# How many siamese algae eater for 60 gallon tank?



## ericwithac (Mar 19, 2015)

p2002 said:


> My tank already has a small army of algae fighters -- 5 ottos, 5 nerite snails, 1 mystery snail, 1 chinese hillstream loach, and 5 amano shrimp.
> 
> However, about 5-10% of my plants are still covered with black colored algae. I've heard great things about SAE. My two questions are:
> 
> ...


1. Do you have any other fish in your tank? If it were me, I would get more Otto cats. They do a great job, and full grown, are smaller than the siamese algae eaters. That might help the cluttered tank situation.
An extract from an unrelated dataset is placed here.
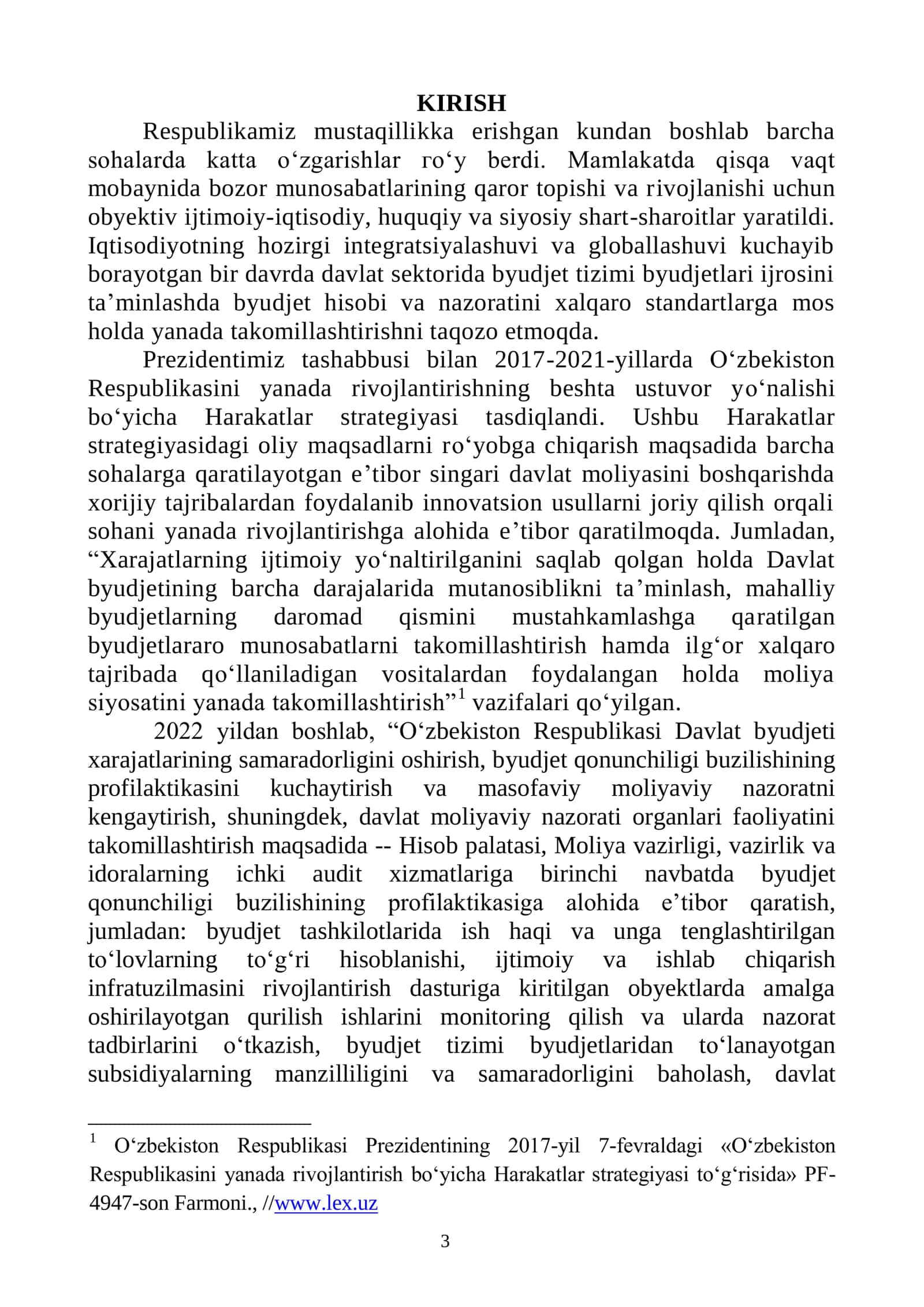 BYUDJET HISOBI VA NAZORATI 3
2. Buy from a respected, well known source, be it a LFS or an online source. I would be weary about buying a fish like that on AquaBid or something like that.

Hoped I helped!


----------



## Freemananana (Jan 2, 2015)

My suggestion is 0. Your otos are already near my suggestion of 1 per 10g. The SAE could be hit or miss. There are some horror stories. I would tackled the root cause of the algae and then trim off the affected growth. If none of your new growth has black algae on it, then you've already done step one. I had some anubias that has black algae on it and it stayed there for almost a year. I had some swords that were affected and I just removed those leaves because they grow quickly.


----------



## p2002 (Nov 25, 2015)

ericwithac said:


> 1. Do you have any other fish in your tank? If it were me, I would get more Otto cats. They do a great job, and full grown, are smaller than the siamese algae eaters.
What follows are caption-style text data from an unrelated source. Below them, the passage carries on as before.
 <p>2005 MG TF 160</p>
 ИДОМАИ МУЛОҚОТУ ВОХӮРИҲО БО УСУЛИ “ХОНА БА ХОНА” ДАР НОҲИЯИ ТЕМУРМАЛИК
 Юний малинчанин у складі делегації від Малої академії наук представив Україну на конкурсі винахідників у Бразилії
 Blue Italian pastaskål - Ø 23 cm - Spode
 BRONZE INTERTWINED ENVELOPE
Thank you for your reply! I do see my ottos working hard at cleaning the glass. However they just don't seem to want to eat the black algae on the leaves of plants. In your experience do they eventually eat the black algae off plants?



Freemananana said:


> There are some horror stories. I would tackled the root cause of the algae and then trim off the affected growth. If none of your new growth has black algae on it, then you've already done step one. I had some anubias that has black algae on it and it stayed there for almost a year. I had some swords that were affected and I just removed those leaves because they grow quickly.


Thank you for your suggestions!

Would you mind telling me what horror stories you've heard? I'm very interested to know what can go wrong with SAE. 

:smile2:


----------



## Freemananana (Jan 2, 2015)

p2002 said:


> Thank you for your suggestions!
> 
> Would you mind telling me what horror stories you've heard? I'm very interested to know what can go wrong with SAE.
> 
> :smile2:


Here's a thread to identify 'true' SAEs. Many are mislabeled and sold as SAEs despite not being one. 

http://www.plantedtank.net/forums/21-fish/871729-true-sae.html

I just searched SAE on this site and here are two threads with some negative stories:

http://www.plantedtank.net/forums/21-fish/874721-saes.html

http://www.plantedtank.net/forums/2...e-all-my-algae-now-going-after-my-plants.html

My opinion is they do get lazy when they get older and they are big fish. They need a lot of tank. Most importantly, like all fish, you don't know the exact temperament of the fish you are buying.


----------



## p2002 (Nov 25, 2015)

Freemananana said:


> My opinion is they do get lazy when they get older and they are big fish. They need a lot of tank. Most importantly, like all fish, you don't know the exact temperament of the fish you are buying.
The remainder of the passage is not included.